Captioned web image data
↓

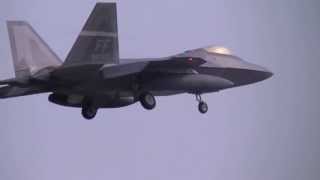 Ｆ22戦闘機の訓練１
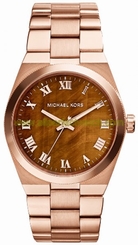 Michael Kors Watches : MK5895 Quartz Roman Numerals Dial Rose Gold Tone Stainless Steel Women Watch
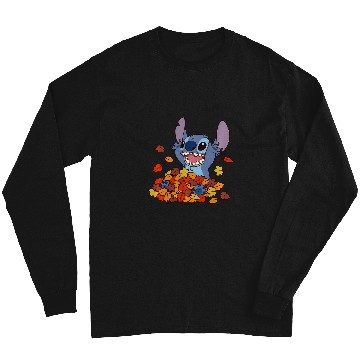 Discover Disney Lilo Stitch Autumn Leaves Stitch Long Sleeves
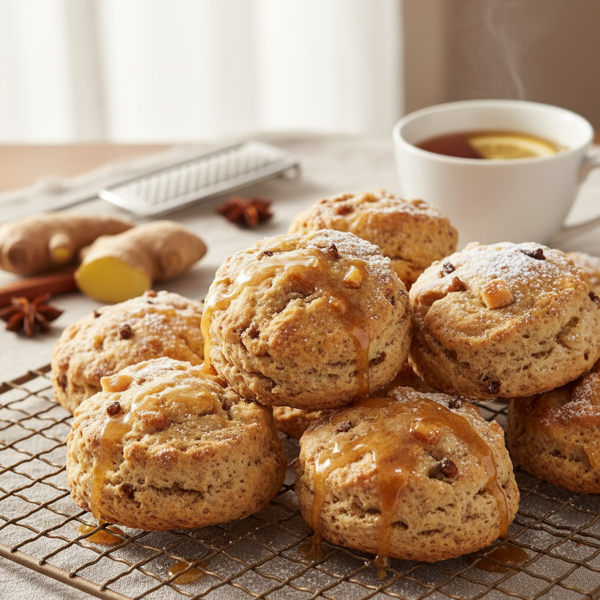 Ginger Spice Delight Scones recipe
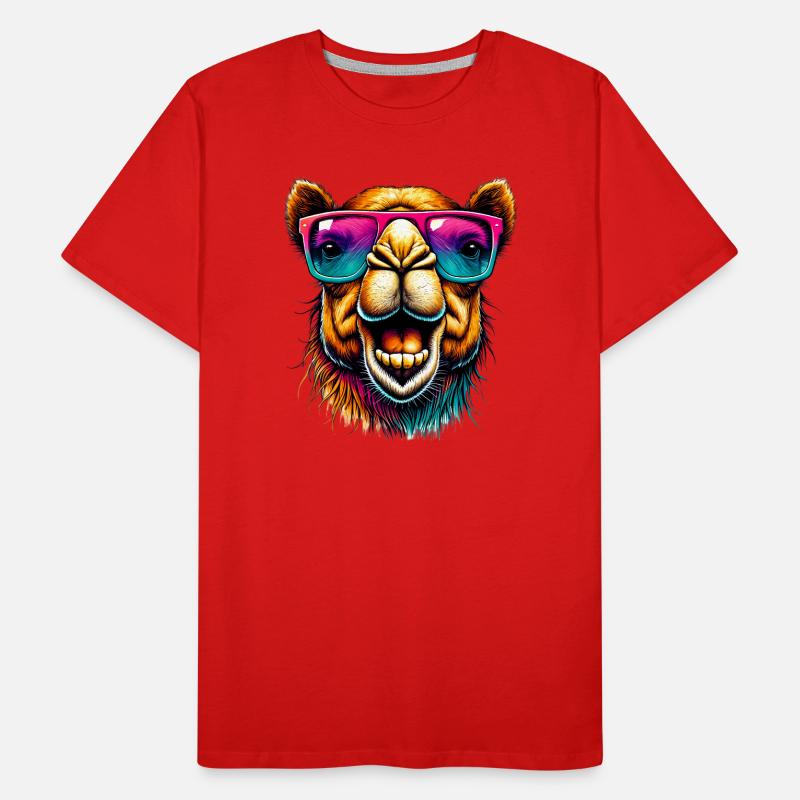 Kamel Männer Premium Bio T-Shirt
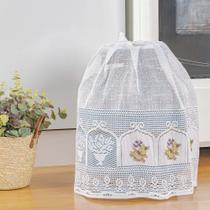 Capa para Botijão de Gás 13kg em Renda com Transfer Flores 100% Poliéster - Flores Capa para Botijão de Gás 13kg em Renda com Transfer Flores 100% Poliéster - Flores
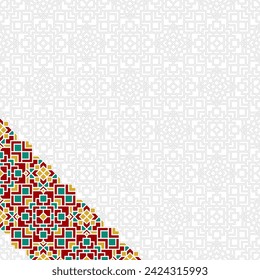 Diagonal Eastern Pattern Design for Islamic and Culture Theme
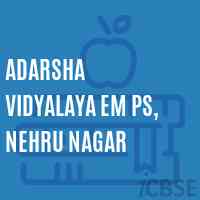 Adarsha Vidyalaya Em Ps, Nehru Nagar Primary School Logo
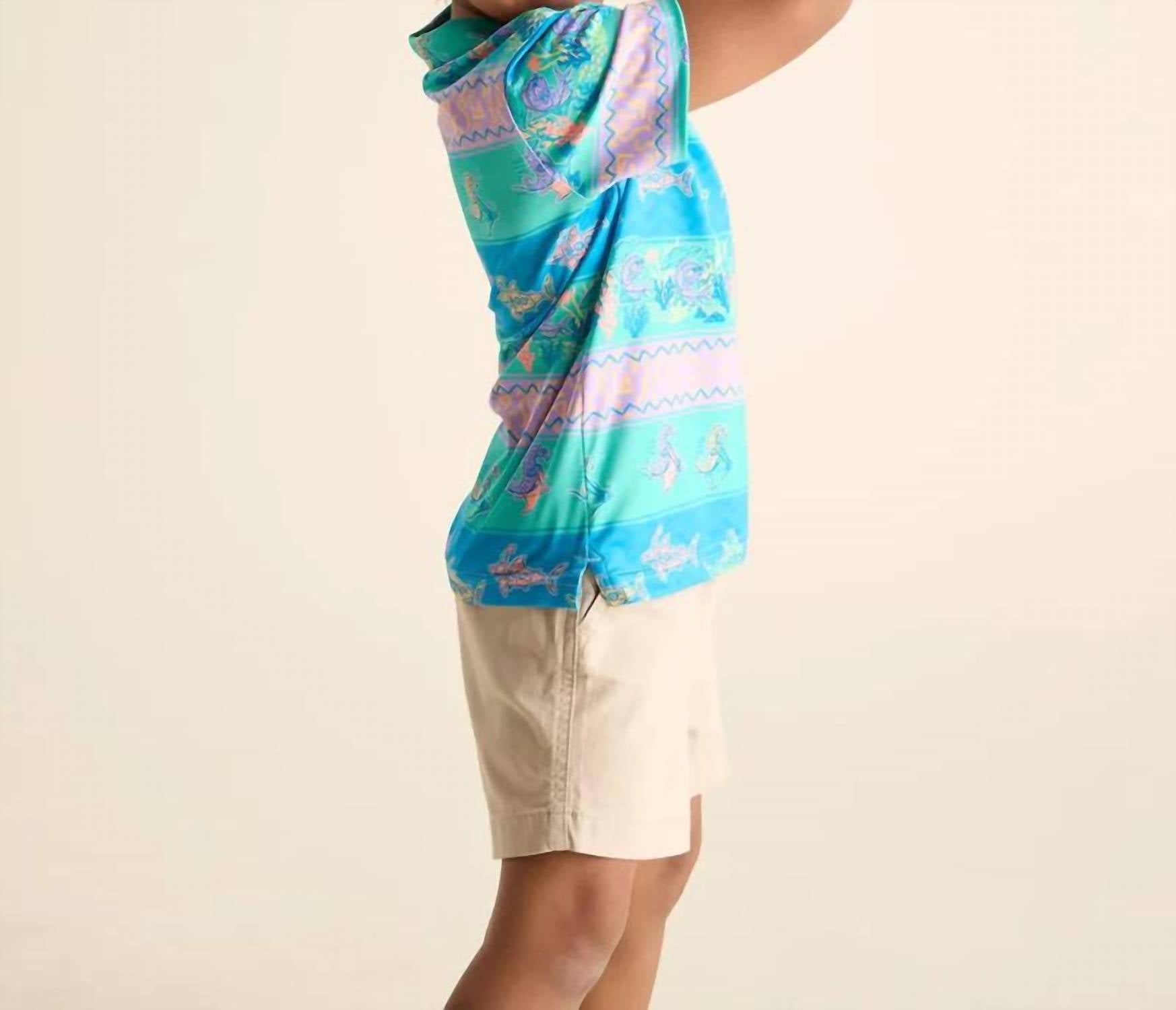 Chubbies - Lil Neptune's Weekend Wear Toddler Performance Polo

↑

Output the records exactly, pictures excluded.

* _Answer to this problem_
 Ｆ22戦闘機の訓練１
 Michael Kors Watches : MK5895 Quartz Roman Numerals Dial Rose Gold Tone Stainless Steel Women Watch
 Discover Disney Lilo Stitch Autumn Leaves Stitch Long Sleeves
 Ginger Spice Delight Scones recipe
 Kamel Männer Premium Bio T-Shirt
 Capa para Botijão de Gás 13kg em Renda com Transfer Flores 100% Poliéster - Flores Capa para Botijão de Gás 13kg em Renda com Transfer Flores 100% Poliéster - Flores
 Diagonal Eastern Pattern Design for Islamic and Culture Theme
 Adarsha Vidyalaya Em Ps, Nehru Nagar Primary School Logo
 Chubbies - Lil Neptune's Weekend Wear Toddler Performance Polo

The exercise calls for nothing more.